I have written elsewhere about that one, the notion that people get promoted on the job because of their natural flair for doing certain kinds of work until they reach a level of incompetence because that new job doesn’t require any of their natural talents or motivations. Or, to put it in more simple terms, people advance in their career until they stop having fun.

Many others, of course, never find that fun to begin with. They fall into a job, or take a job because they needed to support their kids, or because they don’t know what else to do. Work, for them, often becomes a grind, a duty, or an obligation to pay bills, cover the mortgage, or take care of family. It’s our bargain with the devil of job security that leads to dissatisfaction or worse:

“I’m stuck. I’m shackled in the golden handcuffs. I have good leave benefits and look forward to a half decent pension, but I do not enjoy the work that I am doing. I crave that creative side that seems to be missing from my life and yet I never seem to get around to. I find that there needs to be a buffer of time to get the ‘creative juices’ flowing- time I don’t seem to have after-work commitments and commuting. I feel like I’m banging my head against a brick wall….” This is a complaint I hear again and again from men and women in mid-career or middle age. It is experienced by huge numbers of people.

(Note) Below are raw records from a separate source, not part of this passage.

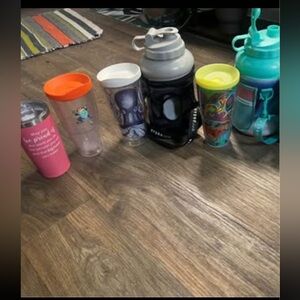 Colorful Assorted Mugs Set TERVIS HYDROJUG ETC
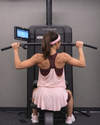 Combo Tank Skorts Co-Ordinated Set Rose & Wine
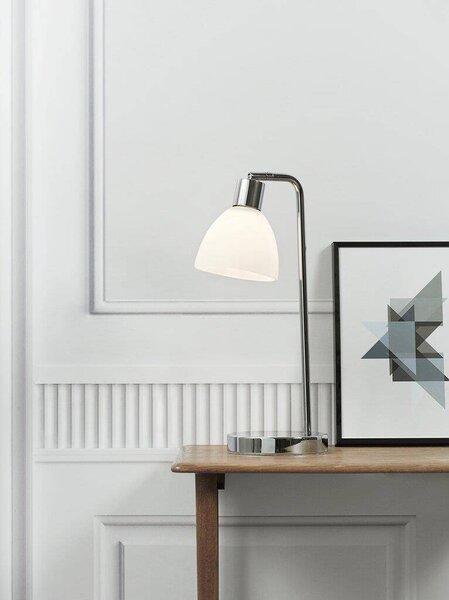 NORDLUX Ray skandinávská stolní lampička Varianta: Ø 135 x 220 x 400 mm, černá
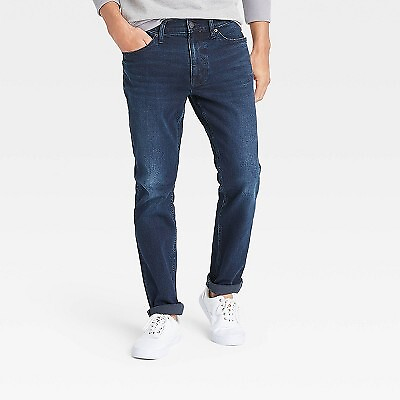 Men#x27;s Skinny Fit Jeans Goodfellow amp; Co $10.00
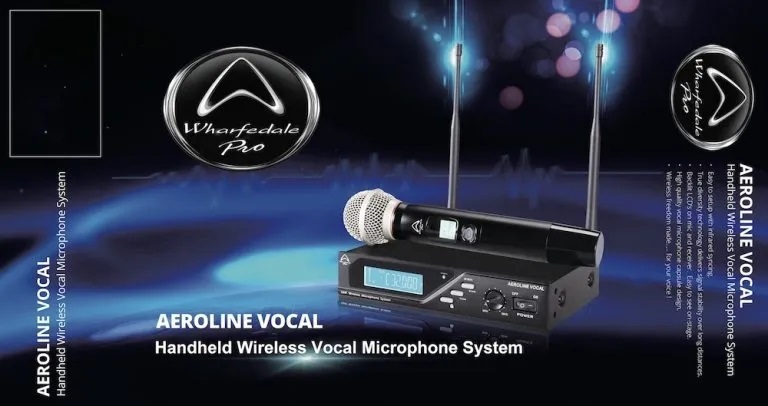 mua micro Wharfedale Pro Aeroline Vocal Wireless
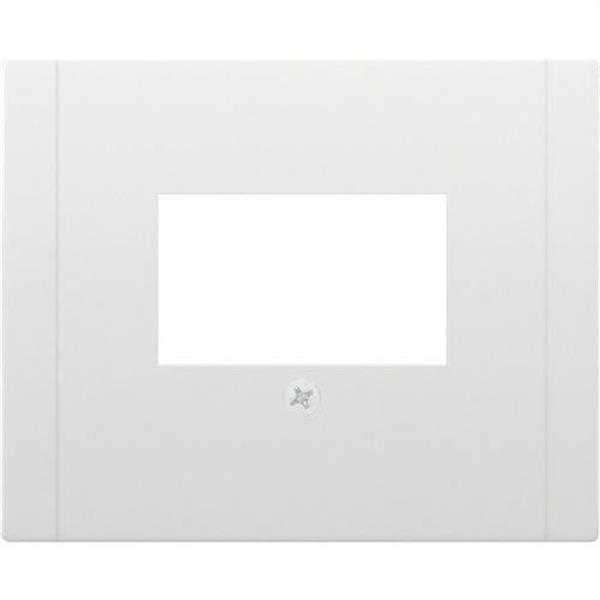 BJC 18778 Tapa conector multimedia Iris en blanco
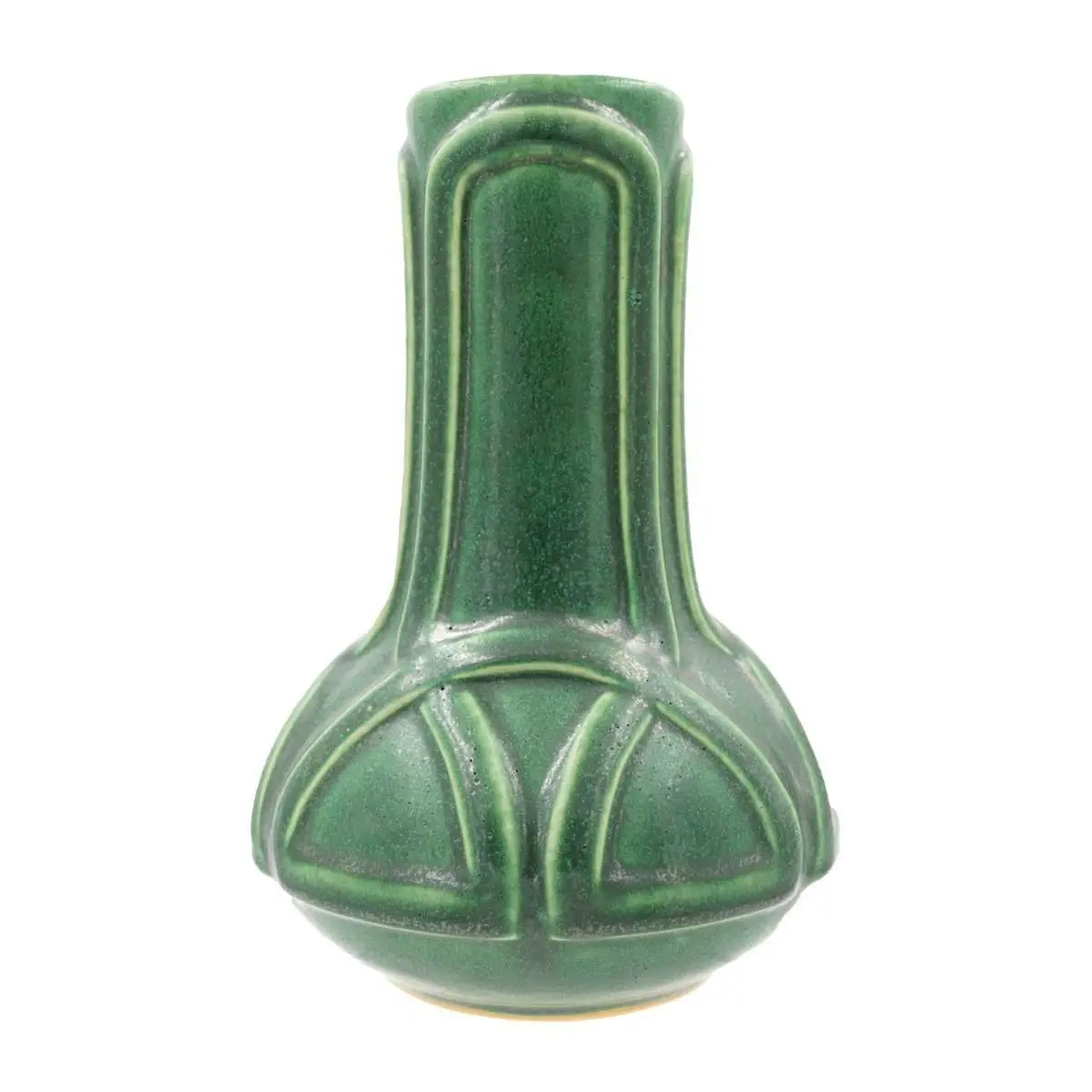 Pewabic Celtic Vase - Evergreen 1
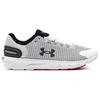 Under Armour Charged Rogue 2.5 Reflect Comfortable Mesh Low Top Casual Running Shoes Unisex Sneaker White 3024735-101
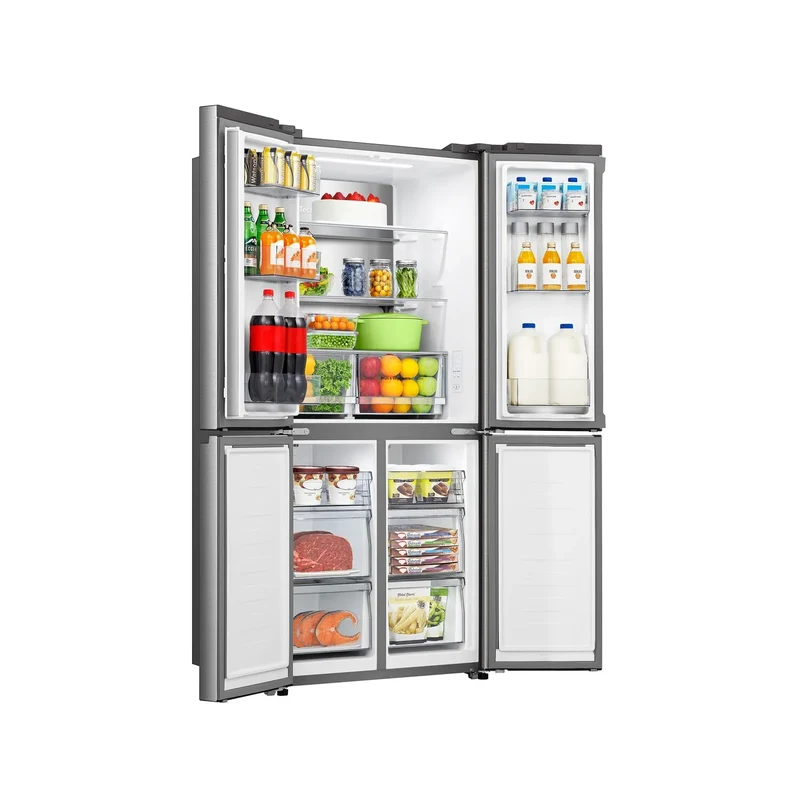 Hisense 31'' 4 Portes Profondeur de Comptoir 17,1 pi³ - Inox - RQ17A4CSD - Boîte Ouverte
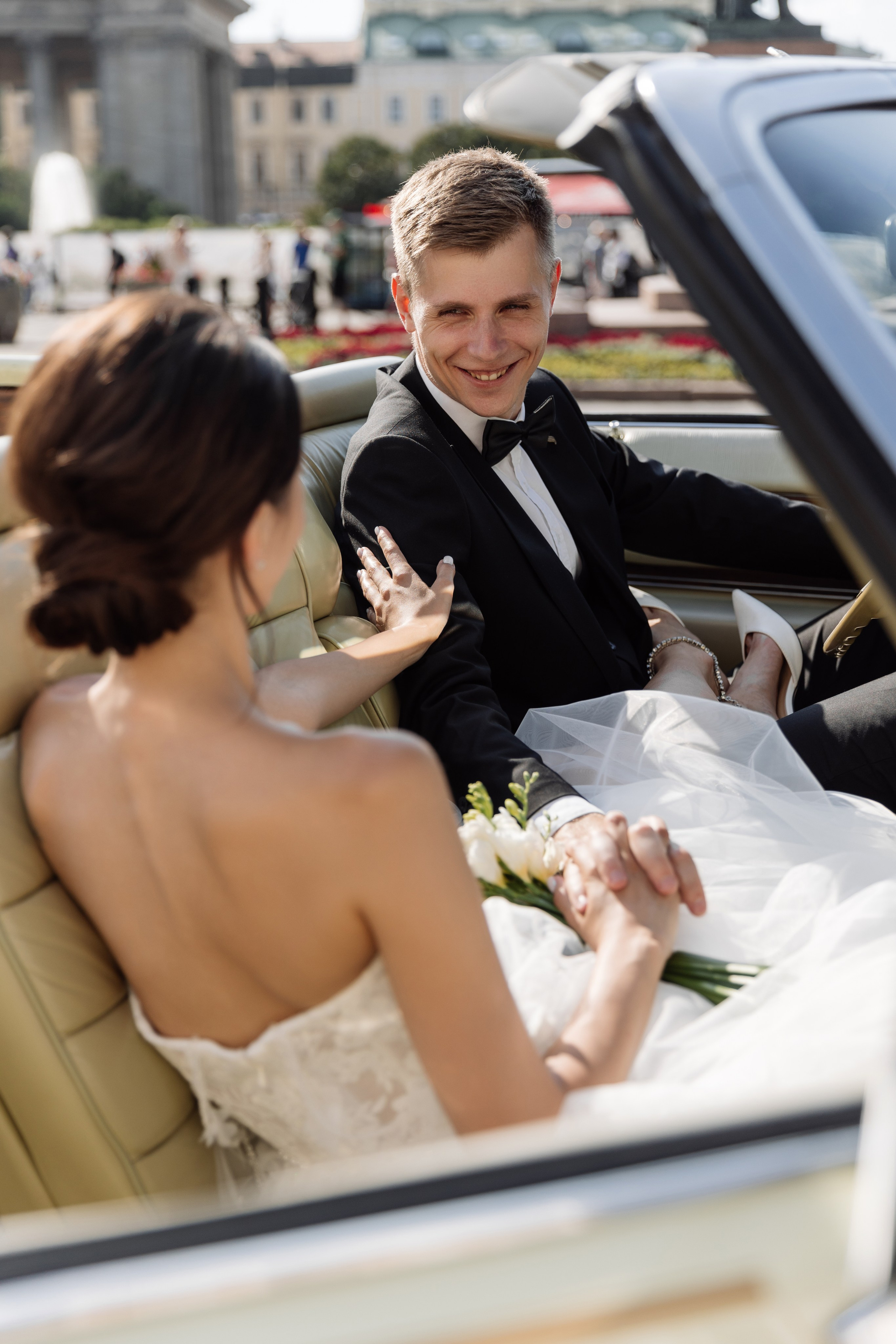 Эдик и Даша. Свадебный фотограф Санкт-Петербург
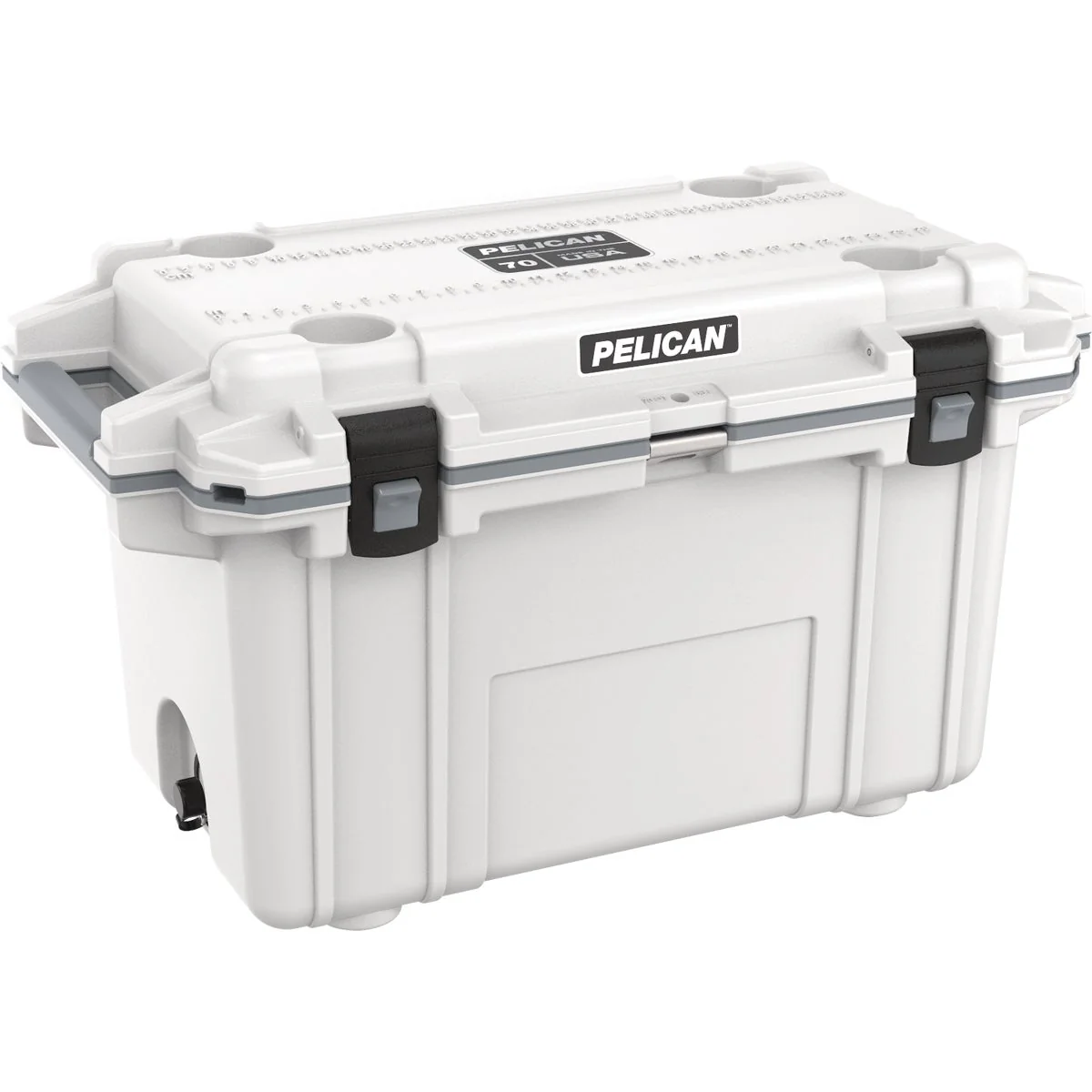 Excellent Pelican Elite 70-Qt. Cooler White Gray Solid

This is the Peter-Out Principle in action. The origin of the phrase peter out is thought to be associated with the name St. Peter, which in medieval France may have morphed into slang for the male sex appendage. So, to peter out means to fall off in power, to dwindle away to…nothing.

As far back as 1962, psychologist Abraham Maslow discovered that one of the best–if not the best–way to achieve personal power is through work. “All human beings prefer meaningful work to meaningless work. If work is meaningless, then life comes close to being meaningless.” In his hierarchy of needs, Maslow was simply pointing out what we all know to be true: that work is not just about making money, it’s also about making meaning.

Doing our work well requires some competency, confidence, or power. When our enthusiasm for work fizzles out, fades away, we might say we are petering out. When we work just for money, our desire for meaning, for vitality, for life ebbs away, tapers off, melts away–it peters out!

When considering this truth, I can’t help but think of Hazel McCallion, the mayor of Mississauga, Canada’s 9th largest city, who first won office at age 57 and just retired at age 93. If she worked only for money, she’d have retired a long time ago. No one could accuse her of petering out! She is one example of many who prove it is never too late to find work that energizes you.

As a job change expert, my goal is to help you do so by identifying, defining and mobilizing your Aptitudes, Attitudes, and Appropriate Actions.